The Best Things to Do in L.A. in September

Ali Wong, rubber ducky races, the county fair, and more

From a ceramics showcase at the Craft Contemporary to standup by comedy queen Ali Wong, here are the best things to do in L.A. in September.

L.A. County Fair

Through September 22

The theme for this year’s run is “POP.” Alongside the usual livestock and greasy food, there will be vibrant pop art installations, an ABBA tribute concert, and an exhibition hall dedicated to technology and pop culture. Pro tip: Angelenos can nab $8 discount tickets for September  1, aka L.A. County Day, if they buy tickets online with the password “LACOUNTY” the night before.

It: Chapter 2

September 6

The sequel to the 2017 Stephen King adaptation picks up 27 years after evil clown Pennywise’s last attack. Jessica Chastain, Bill Hader, and James McAvoy play grown-up versions of the kids tormented in the first film. Like that flick, this one is rated R, and early buzz says it’s even more disturbing. Looking for something lighter—with fewer scary clowns? The Downton Abbey movie bows September 20.


September 5-15

The Paley Center’s annual fall preview highlights buzzy new TV shows—like Batwoman, Nancy Drew, and Black-ish’s prequel spin-off, Mixed-ish—with sneak-peek screenings and star-studded panels. Don’t miss Helen Hunt and Paul Reiser on September 7 dishing about the Mad About You revival.


September 7-8

Shopping, workshops, and beer are on the menu at the Craft Contemporary’s ceramics showcase. Tickets to the $20 VIP brunch on September 7 give attendees first dibs on the marketplace’s functional wares—plus treats from Porto’s Bakery.

Ali Wong

September 7-8, 14-15, 28-29; October 5-6

Fresh off the success of Netflix’s Always Be My Maybe, Ali Wong dons her stand-up cap at the Wiltern. Expect jokes about motherhood, gender roles, and, if you’re lucky, the dread that is “fan dick.”

A Play Is a Poem

September 11-October 13

Ethan Coen premieres five one-acts at the Mark Taper Forum. Each play takes place in a distinctly American locale—the hillbilly valleys of Appalachia, a gazebo in Mississippi, a tiny apartment in New York, an exec suite in Hollywood, and a seedy private eye’s office in L.A.—and features the writer-director’s dark wit.

Earth, Wind & Fire

September 13-14

Your chance to finally dance to a live performance of “September” in September is here. The 50-year-old group of genre-bending titans (above) joins the Hollywood Bowl Orchestra and conductor Thomas Wilkins to close the season with a doubleheader, fireworks included.

La Bohème

September 14-October 6

L.A. Opera opens its season with Puccini’s seminal tragedy at the Dorothy Chandler Pavilion.

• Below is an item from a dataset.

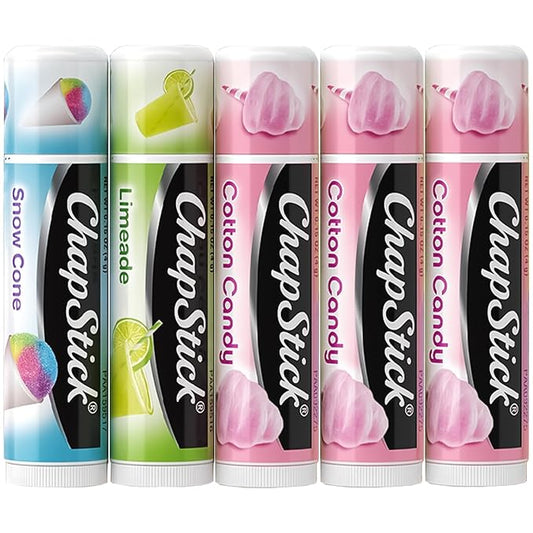 ChapStick Lip Balm, Vacation Getaway Collection (Snow Cone, Limeade, and Cotton Candy) + 2 Cotton Candy, 0.15 Oz Ea (5 Piece Set)-Velvo Beauty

Those preferring to milk the nice weather while it lasts can opt for a free alfresco broadcast of the show September 28 at Santa Monica Pier or Torrance’s Columbia Regional Park.

California Coastal Cleanup Day

September 21

Hit the beach—to pick up trash and quell your “our planet is screwed” anxieties. Last year 13,464 volunteers removed 29.8 tons of litter from more than 70 sites across the county. This year’s efforts run from 9 a.m. to noon; go to to find a cleanup site near you.

Kidspace’s 11th Annual Rubber Ducky Races

September 21-22

When the emcee yells “Go!” a flock of toy fowl will float down the Pasadena museum’s model of the Arroyo Seco for a chance at a medal. Families wanting in on the fun will have to pay the $14-a-person admission, plus $5 for a race-approved bird from the onsite Busy Bee Learning Store. No souped-up duckies allowed.

LACMA Triple-Header

September 22

Condense your high-culture pursuits into one visit to LACMA, where three big shows open on the same day. “Every Living Thing” celebrates animals in Japanese art; “Betye Saar: Call and Response” examines the assemblage artist’s never-before-shown sketchbooks (above); and “Thomas Joshua Cooper: The World’s Edge” presents photographs of the Atlantic basin.

The Politician

September 27

The first series to come out of Ryan Murphy’s $300 million Netflix deal arrives. Ben Platt (Tony winner for Dear Evan Hansen and son of producer Marc Platt) stretches to play Payton Hobart, a rich Santa Barbara teen with White House dreams running for president of his high school class. The A-List cast also includes Gwyneth Paltrow and Lucy Boynton.